Tuesday, December 16, 2008

Sun IDM now supports MySQL in production

For a long time, Sun has supported use of a MySQL repository for development purposes only with their Identity Manager product. After Sun purchased MySQL, it seemed like only a matter of time until they supported it in production, as Sean O'Neill detailed here.

Well finally it looks like there is a low-cost option for IDM repositories. With patch 137621-08, Sun has released support for MySQL in IDM 7.1 and patch 139010-04 does the same for IDM 8.0.

We're currently using Oracle and it sure would be nice to move to MySQL. The repository doesn't use any of the advanced functionality that Oracle provides and administering an Oracle database is a lot more work than MySQL. Actually most of the headaches are caused by Oracle's "creative" licensing practices.

Wednesday, December 10, 2008

#@%#$ user-customizable config files (AKA nss_ldap configuration)

I just finished configuring a RHEL system to pull its account information from a central LDAP directory. This shouldn't have been a big deal, I've done it many times before in a lot of different permutations. But this time, TLS certificate verification just would not work no matter what I did. I'd copied the certificate from the LDAP server, put in all of the possible configuration options possible and still nothing.
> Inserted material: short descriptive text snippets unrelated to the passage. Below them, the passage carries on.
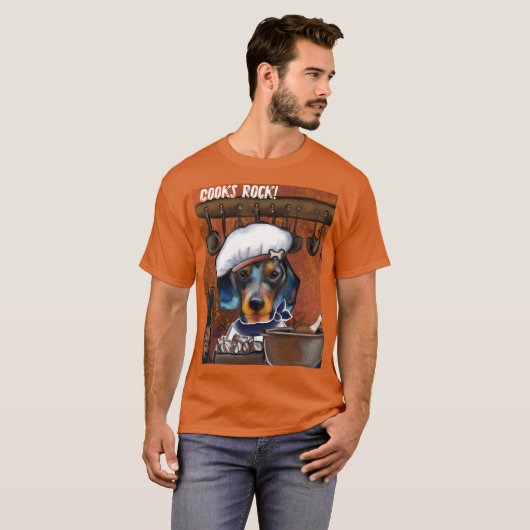Dachshund-koks T-shirt (Voorkant volledig)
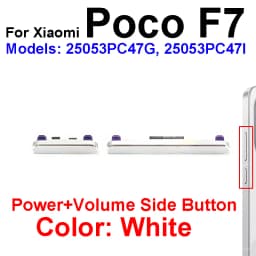 For Xiaomi Poco x7 Poco x7 f7 Pro On Off Power Volume Side Button Volume Power On Off Key Side Button Flex Cable Repair Parts
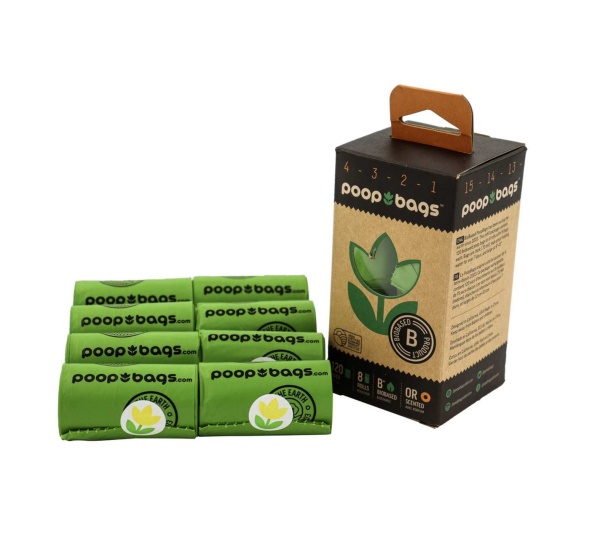 GREEN - The Original Poop Bags Orange Scented USDA Biobased Rolls - 120 Bags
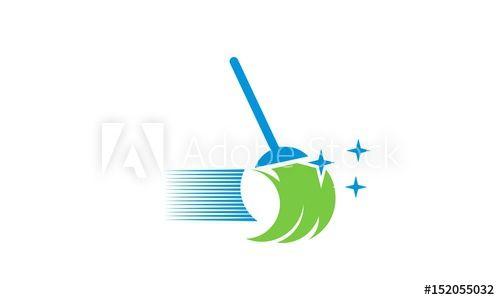 Broom Logo - Cleaning Tool Broom Logo this stock vector and explore similar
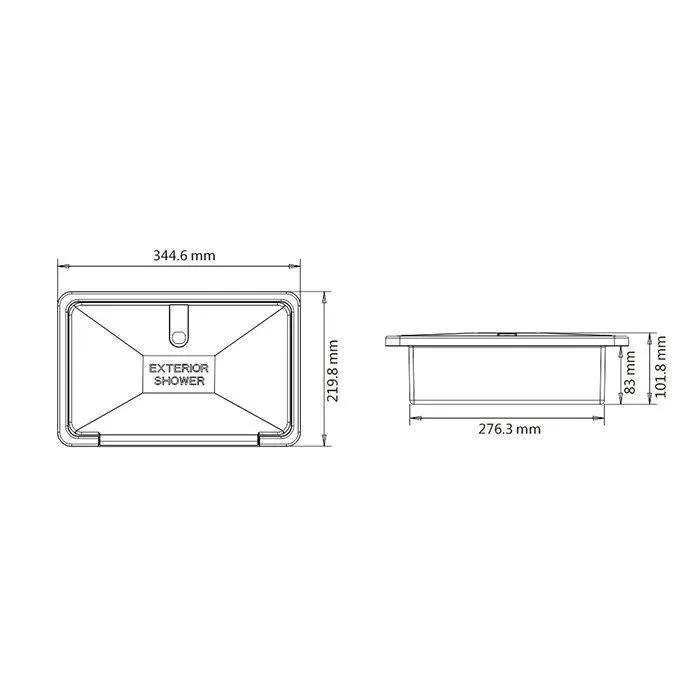 Бокс для хранения судового душа SEAFLO, белый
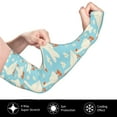 thumbnail image 3 of Fotbe White Geese and Flower UV Sun Protection Arm Sleeves - Tattoo Cover Up - Basketball Arm Sleeve UPF 50 Cooling for Men Women, 3 of 8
My tests worked with openssl:

# openssl s_client -connect hostname:636 -CAfile /etc/openldap/cacerts/hostname.domain.com.cert
...

...
Verify return code: 0 (ok)
---
DONE


but not ldapsearch or getent passwd:

# ldapsearch -v -D "uid=user,ou=services,dc=domain,dc=com" -w password -H "ldaps://hostname.domain.com:636" -b "dc=domain,dc=com" -s sub -Z -x "(uid=b*)"
ldap_initialize( ldaps://hostname.domain.com:636 )
ldap_start_tls: Can't contact LDAP server (-1)
ldap_bind: Can't contact LDAP server (-1)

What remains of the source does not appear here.